**Activity**
Give the lines again, unchanged, starting with the line containing "Officially Announced Chiranjeevi’s" and ending with the last line of the data below.

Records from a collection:

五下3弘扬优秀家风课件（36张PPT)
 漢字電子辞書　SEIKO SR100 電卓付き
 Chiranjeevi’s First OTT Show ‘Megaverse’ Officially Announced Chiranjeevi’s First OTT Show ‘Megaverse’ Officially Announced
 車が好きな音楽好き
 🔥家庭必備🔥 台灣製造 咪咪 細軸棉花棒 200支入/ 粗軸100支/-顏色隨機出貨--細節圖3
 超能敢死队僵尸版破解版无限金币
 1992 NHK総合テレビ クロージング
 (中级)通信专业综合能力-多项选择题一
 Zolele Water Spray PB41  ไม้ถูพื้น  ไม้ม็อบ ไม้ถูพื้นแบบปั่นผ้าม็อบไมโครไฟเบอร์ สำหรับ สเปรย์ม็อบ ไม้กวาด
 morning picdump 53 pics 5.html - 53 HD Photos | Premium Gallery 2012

**Reply**
 Chiranjeevi’s First OTT Show ‘Megaverse’ Officially Announced Chiranjeevi’s First OTT Show ‘Megaverse’ Officially Announced
 車が好きな音楽好き
 🔥家庭必備🔥 台灣製造 咪咪 細軸棉花棒 200支入/ 粗軸100支/-顏色隨機出貨--細節圖3
 超能敢死队僵尸版破解版无限金币
 1992 NHK総合テレビ クロージング
 (中级)通信专业综合能力-多项选择题一
 Zolele Water Spray PB41  ไม้ถูพื้น  ไม้ม็อบ ไม้ถูพื้นแบบปั่นผ้าม็อบไมโครไฟเบอร์ สำหรับ สเปรย์ม็อบ ไม้กวาด
 morning picdump 53 pics 5.html - 53 HD Photos | Premium Gallery 2012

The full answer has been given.